These early recordings are incredibly crude, and they did not have the technology at the time to play them back. They were just experiments in trying to view sound waves, not attempts to preserve information for future generations.

Ah I stand corrected, thanks.

It seems like you're using WaveNet to do speech-to-text when we have better tools for that. To transfer text from Trump to Clinton, first run speech-to-text on Trump speech and then give that to a WaveNet trained on Clinton to generate speech that sounds like her but says the same thing as Trump.

> It seems like you're using WaveNet to do speech-to-text

I'm proposing reducing a vocal performance into the corresponding WaveNet input. At no point in that process is the actual "text" recovered, and doing so would defeat the whole purpose, since I don't care about the text, I care about the performance of speaking the text (whatever it was).
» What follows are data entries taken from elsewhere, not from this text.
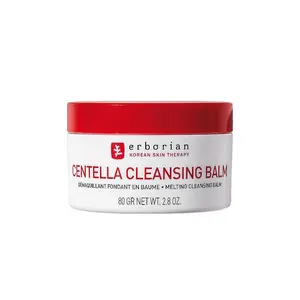 erborian Centella Solid Cleansing Balm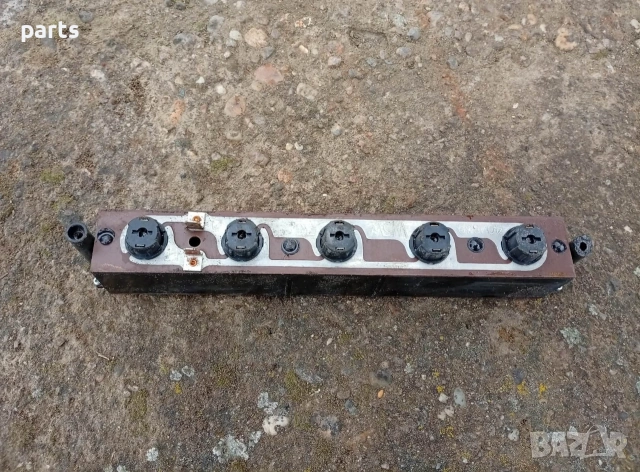 Трети Стоп Ровър 600 - 623 - Хонда Акорд , снимка 5 - Части - 54083665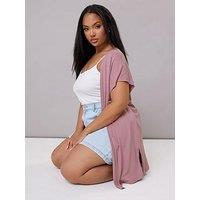 Yours Curve Grown On Cover Up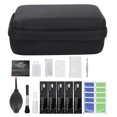 thumbnail image 1 of Camera Dust Cleaner Kit, 12PCS Cleaning Set Easy To Clean  For Camera ANGGREK Camera Cleaning Kit, 1 of 8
In your example, I can't force Trump to say something in particular. But I can force myself, so I could record myself saying something I wanted Clinton to say [Step 3] (and in a particular way, too!), and if I had a trained WaveNet for myself and Clinton, I could make it seem like Clinton actually said it.

I see. I still think it's easier to apply deepmind's feature transform on text rather than to try to invert a neural network. Armed with a network trained on Trump, deepmind's feature transform from text->network inputs, you should be able to make him say whatever you want, right?
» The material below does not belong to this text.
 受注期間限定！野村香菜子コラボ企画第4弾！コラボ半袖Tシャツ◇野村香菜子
Text -> features -> TrumpWaveNet -> Trump saying your text

> Armed with a network trained on Trump, deepmind's feature transform from text->network inputs, you should be able to make him say whatever you want, right?

Yes, that should work, and by tweaking the WaveNet input appropriately, you could also get him to say it in a particular way.

Sounds like a very fancy way to do compression with a massive custom dictionary.

Thanks for the tl;dr. However, the fun fact is not true for surjective functions, IIRC, in which case multiple inputs may relate to one output, if this is relevant for WaveNets.

Nitpicking: surjective functions do not relate to unicity of ouptuts; you'd rather talk about non-injective functions. I agree with your point, though.

(surjective != non-injective, in the same way that non-increasing != decreasing)

Wonder if there are any implications here for breaking (MitM) ZRTP protocol.


At some point to authenticate both parties verify a short message by reading it to each other.

However, NSA has already tried to MitM that about 10 years ago by using voice synthesis. It was deemed inadequate at the time. Wonder if TTS improvements like these, change that game and make it more plausable scenario.

This will make private in person key exchange way more important. Especially as the attack vector is so cheap (software).

The samples sound amazing. These causal convolutions look like a great idea, will have to re-read a few times. All the previous generative audio from raw audio samples I've heard (using LSTM) has been super noisy. These are crystal clear.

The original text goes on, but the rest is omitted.